Julian Assange, fondateur de WikiLeaks

Julian Assange, fondateur de WikiLeaks - FABRICE COFFRINI / AFP

Selon de nombreux médias, le site à l’origine de certaines des affaires les plus médiatisées de ces dernières années va trop loin dans la diffusion d’informations personnelles.

La transparence à tout prix. C’est le nouveau credo de l’ONG fondée par Julian Assange en 2006. En dix ans, WikiLeaks a révélé des bavures de l’armée américaine en Irak ou l’espionnage des trois derniers présidents français par la NSA. En devenant la bête noire des gouvernements, le site a également multiplié les collaborations avec les médias américains, allemands, anglais ou français. Mais en quelques semaines, il est passé du statut de lanceur d’alerte à celui de tête brûlée, accusée de mettre des vies en danger.

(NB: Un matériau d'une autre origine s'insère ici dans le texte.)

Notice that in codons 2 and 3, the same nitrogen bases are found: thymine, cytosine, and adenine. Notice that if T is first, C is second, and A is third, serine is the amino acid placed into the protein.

Des données sensibles sur des citoyens saoudiens

Il y a un an, l’organisation révélait des documents concernant la promotion de l’islamisme par l’Arabie saoudite à travers le monde. En épluchant les données, l’agence Associated Press a retrouvé des informations personnelles de centaines de citoyens étrangers à l’affaire. Certains ont vu leur dossier médical ou des éléments concernant leur situation financière rendus public.

Pour d’autres, les données étaient encore plus sensibles. L’agence américaine rapporte le cas de deux adolescents victimes de viols dont les noms ont été cités, tout comme celui d’un saoudien arrêté pour homosexualité. Un problème dans un pays où être gay peut être passible de la peine de mort.

Face à l'article d’Associated Press, les réponses de WikiLeaks sont spartiates. L’auteur du papier affirme n’avoir pas pu obtenir de réponse de la part de Julian Assange. Le compte Twitter de l’ONG s’est fendu d’un message expliquant que ces informations étaient déjà accessibles au gouvernement saoudien avant leur révélation. WikiLeaks va jusqu’à évoquer une récupération politique dans le cadre de la campagne présidentielle américaine. Un argument plein d’ironie, après que le site a publié des documents concernant le Parti démocrate aux Etats-Unis dans un timing parfaitement calculé.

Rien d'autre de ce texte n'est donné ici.